▸ **Records for the exercise**:

______

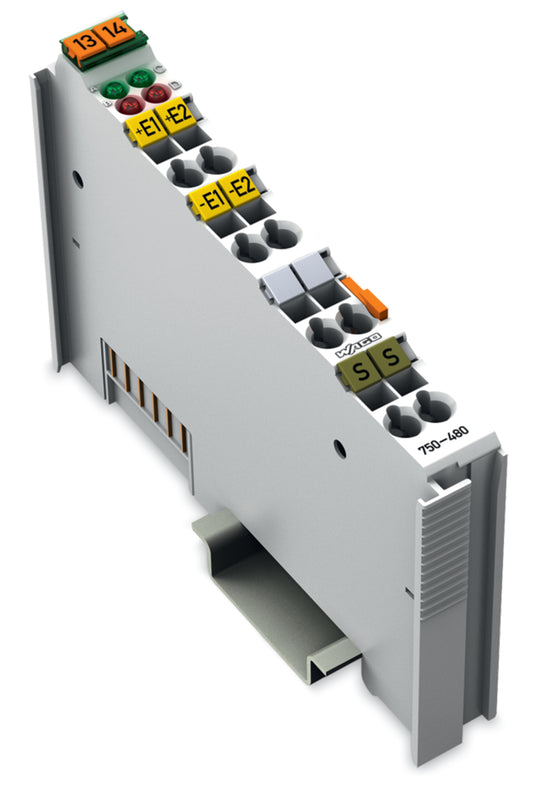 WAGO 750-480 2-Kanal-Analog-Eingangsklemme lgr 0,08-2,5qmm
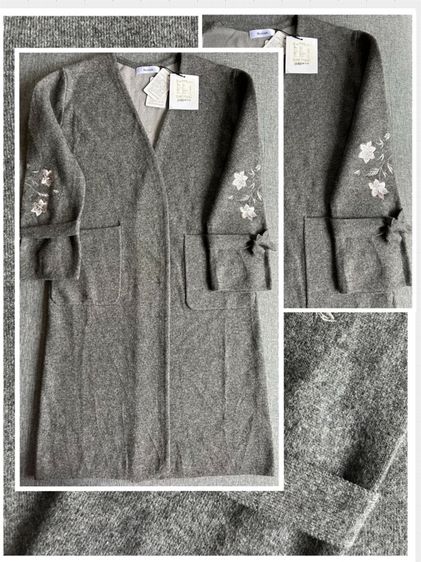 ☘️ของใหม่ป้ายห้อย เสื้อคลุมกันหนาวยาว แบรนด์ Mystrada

______

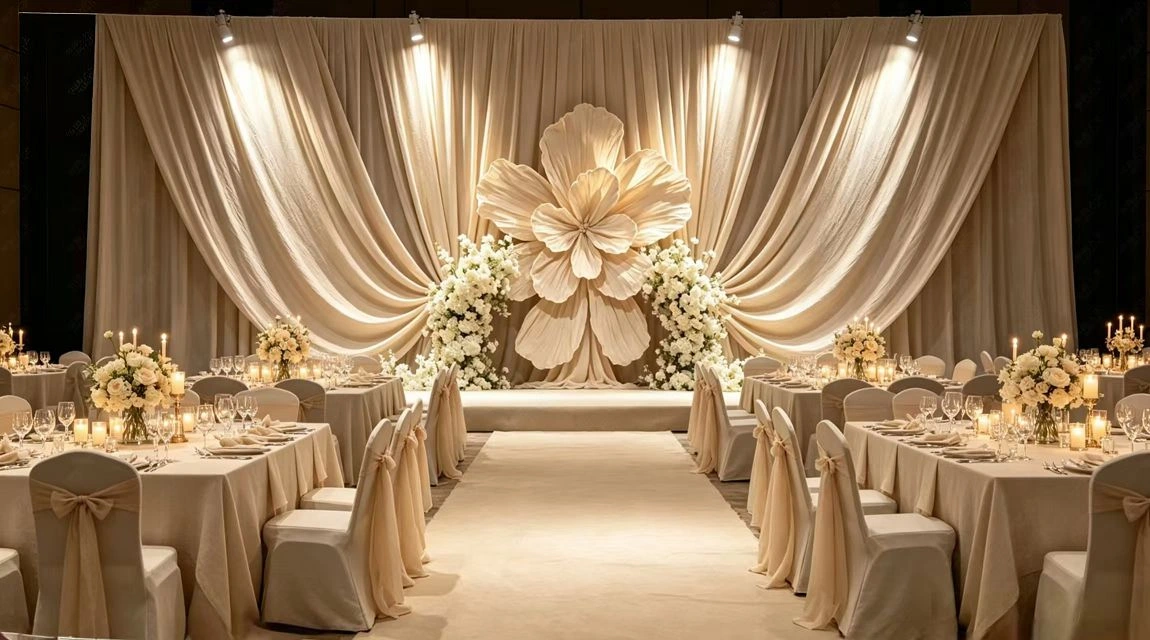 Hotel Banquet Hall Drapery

______

▸ **Task statement**: Repeat exactly the lines above, beginning at the one containing "WAGO 750-480 2-Kanal-Analog-Eingangsklemme" and ending at the one containing "เสื้อคลุมกันหนาวยาว แบรนด์ Mystrada". Do not carry over any pictures.

▸ **Output for this exercise**:
 WAGO 750-480 2-Kanal-Analog-Eingangsklemme lgr 0,08-2,5qmm
 ☘️ของใหม่ป้ายห้อย เสื้อคลุมกันหนาวยาว แบรนด์ Mystrada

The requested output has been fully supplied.